Four strategies for organizing

posted in: Studio/Organizing | 2
Studio cabinet 5 - before
There’s something about organizing stuff that is very satisfying to me. I find that many times, when I have a creative project that I’m about ready to start working on, I procrastinate. But, if I spend some time organizing my workspace, I can approach my creative project in a much more relaxed manner. Weird, huh?

Now, I may be great at organizing stuff, but I’m lousy at keeping it that way. That’s because I pull out all the stuff I’m going to need on a project, I do the project, but then I don’t get around to putting it away until I’m ready to start the next project. It makes no sense.

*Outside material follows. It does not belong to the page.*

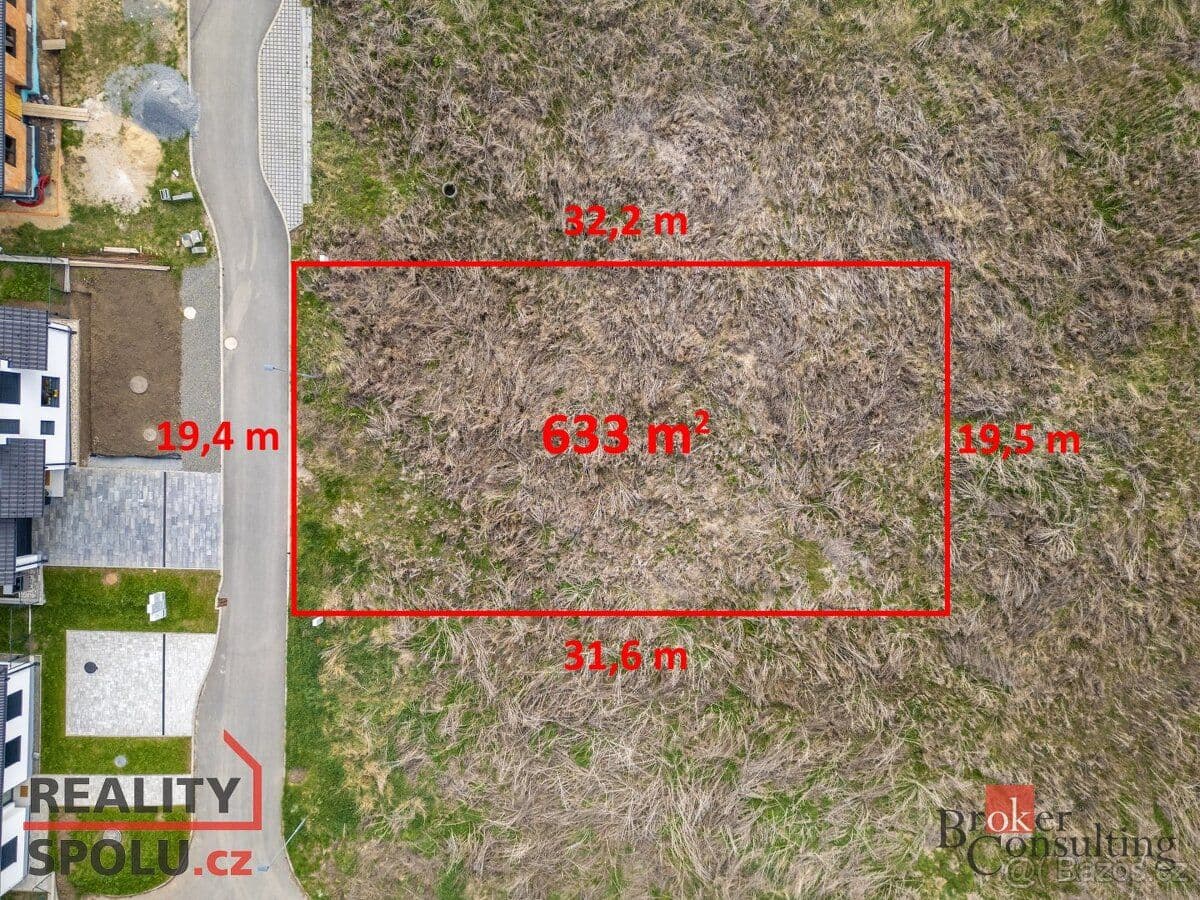 Pozemek Prodej, pozemky/bydlení, 633 m2, 68201 Medlovice, Vyškov [ID - Vyškov | Bazoš.cz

Anyway, once again, I am facing the need to do something creative, so I started by organizing the cabinet in my studio that is mostly filled with ribbon, lace, embroidery floss, really old half-finished quilting projects, and other miscellaneous items that have absolutely nothing to do with the upcoming project. In other words, there was absolutely no reason for me to organize this cabinet!

Studio cabinet 5 - after

Are you someone who struggles with organizing? Here are four strategies that I like to use that may help you.

1. Choose your space. Depending on your personality, you may work better with an open system like bookshelves (my husband prefers open) or a closed system like a cabinet with doors (I prefer closed). My sweet husband wants to be able to see everything at once. I like having doors that I can close so I’m not overwhelmed by all the stuff. I also like the fact that it helps keep the dust off.

2. Choose your containers. If you have lots of medium to small items which you need to organize, choose a bunch of boxes or bins that fit well on your shelves. It helps immensely to have identical boxes or bins so they are interchangeable. Then you can shuffle the containers around as your needs change. Whenever possible, I prefer clear plastic boxes. In this case, however, I happened to have a bunch of cardboard, open-top bins left over from when I organized my cubbyholes, and they fit wonderfully in my cupboard, so I used those. Open top containers make it easy to grab just one or two items without having to fiddle with a lid. I also like the option of bringing the whole bin to my work table.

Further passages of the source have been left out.